Royal Army Service Corps

Personal Details

Born: 24 April 1887 in Whitchurch, Shropshire.

Family: He was the sixth of nine children born to George Oakley, an iron moulder and his wife Mary. He married Ellen C Holmes in 1911 in Leominster, Herefordshire. The couple had one son, Edward John, born in 1916.

Residence: In 1891 his family were living in Bark Hill, Whitchurch, Shropshire. Ten years later they had moved to Dodington, Whitchurch. In 1911 he was a boarder at 9 Shaftesbury Terrace, Victoria Avenue, Wellington, Shropshire. An address of 39 Cannon Street, Shrewsbury was given for him on his pension record card. By 1939 he and his family were living at “Sharrow”, Bowbrook, Shrewsbury. This continued to be his home until his death in 1950.

Employment: In 1911 he was an ironmonger`s assistant. His occupation stated on his military records was a traveller. In 1939 he was an agricultural engineer.

Died: 15 January 1950, aged 62 in Shrewsbury, Shropshire.

Military Details

Regiment: Royal Army Service Corps (previously Loyal North Lancashire Regiment)

Rank: Acting Sergeant

Service Number: 381477 (previously 34333)

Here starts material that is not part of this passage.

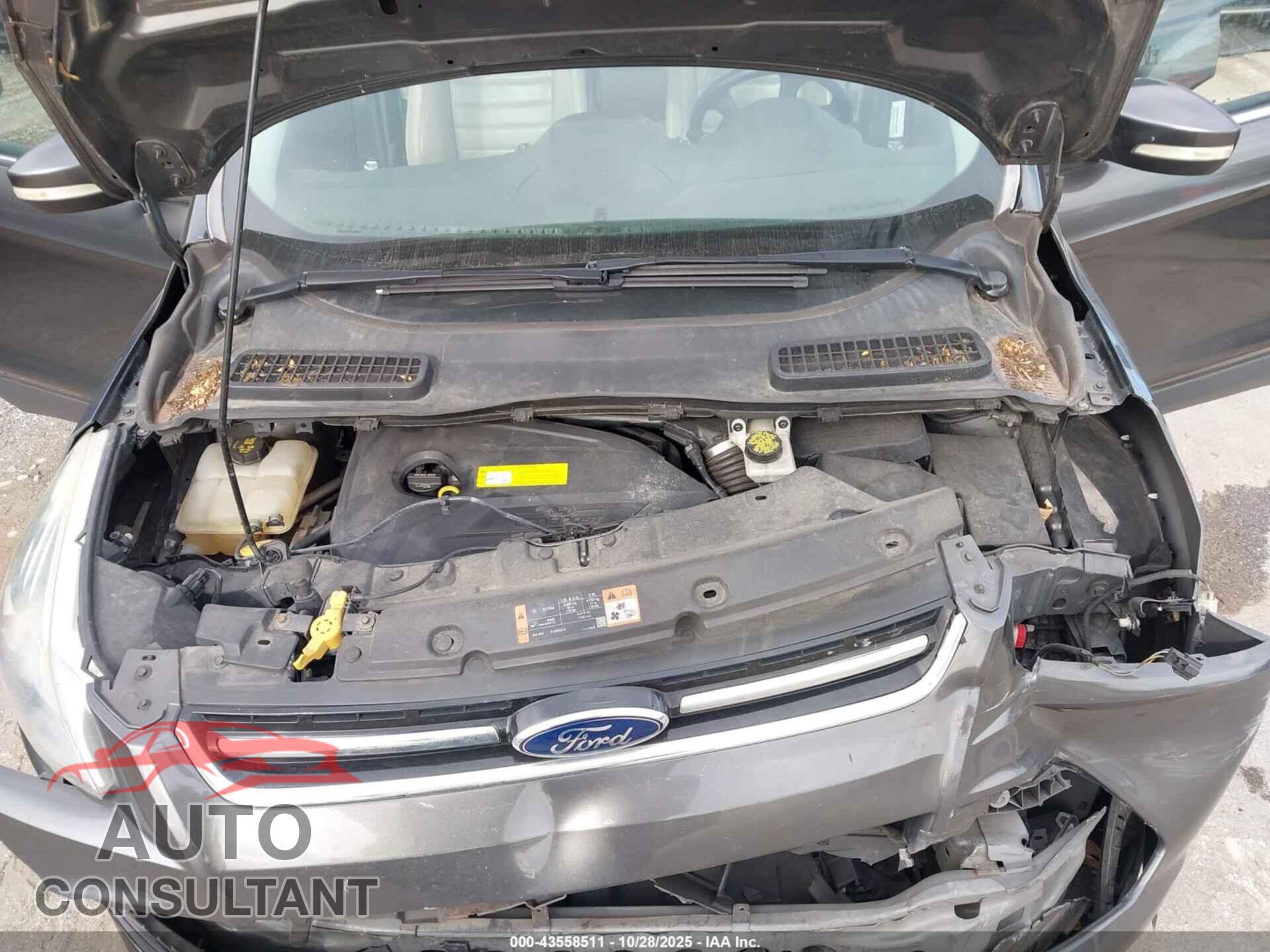 FORD ESCAPE 2015 - 1FMCU0JX8FUB71346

Date of Enlistment: 27 November 1915

Date of Discharge: 17 June 1919

Reason for Discharge: Not Known

Medals and Awards

George was awarded the Campaign Medals (British war medal and Victory medal)

Campaign Medals

Great War History Hub Whitchurch Shropshire Medals Front Image

The British War Medal (also known as 'Squeak') was a silver or bronze medal awarded to officers and men of the British and Imperial Forces who either entered a theatre of war or entered service overseas between 5th August 1914 and 11th November 1918 inclusive. This was later extended to services in Russia, Siberia and some other areas in 1919 and 1920. Approximately 6.5 million British War Medals were issued. Approximately 6.4 million of these were the silver versions of this medal. Around 110,000 of a bronze version were issued mainly to Chinese, Maltese and Indian Labour Corps. The front (obv or obverse) of the medal depicts the head of George V. The recipient's service number, rank, name and unit was impressed on the rim.

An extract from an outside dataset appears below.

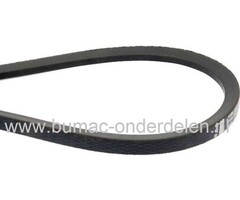 V snaar voor Aandrijving van de Freesmessen bij Alko Concord Combi BF5002-R Tuinfrees, Hakfrees, Aandrijfriem voor Alko Concord Combi BF 5002-R Frees Aandrijving Messen Alko Balkmaaier BM660, BM660/II, BM870, BM870/II, BM875/II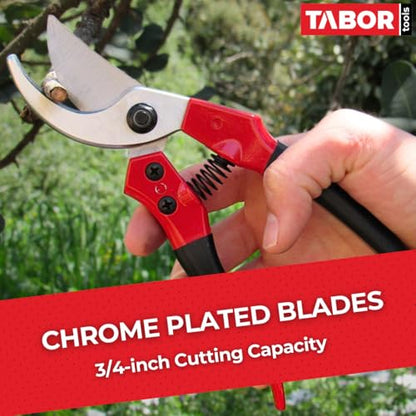 TABOR TOOLS S821A Bypass Pruning Shears for Small to Medium Hands, Chrome Plated Blades with 3/4 Inch Cut Capacity, Professional Hand Pruner, Garden Secateurs & Clippers with Safety Lock - style: Bypass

The Allied Victory Medal (also known as 'Wilfred') was issued by each of the allies. It was decided that each of the allies should each issue their own bronze victory medal with a similar design, similar equivalent wording and identical ribbon. The British medal was designed by W. McMillan. The front depicts a winged classical figure representing victory. Approximately 5.7 million victory medals were issued. Interestingly, eligibility for this medal was more restrictive and not everyone who received the British War Medal ('Squeak') also received the Victory Medal ('Wilfred'). However, in general, all recipients of 'Wilfred' also received 'Squeak' and all recipients of The 1914 Star or The 1914/1915 Star (also known as 'Pip') also received both 'Squeak' and 'Wilfred'. The recipient's service number, rank, name and unit was impressed on the rim.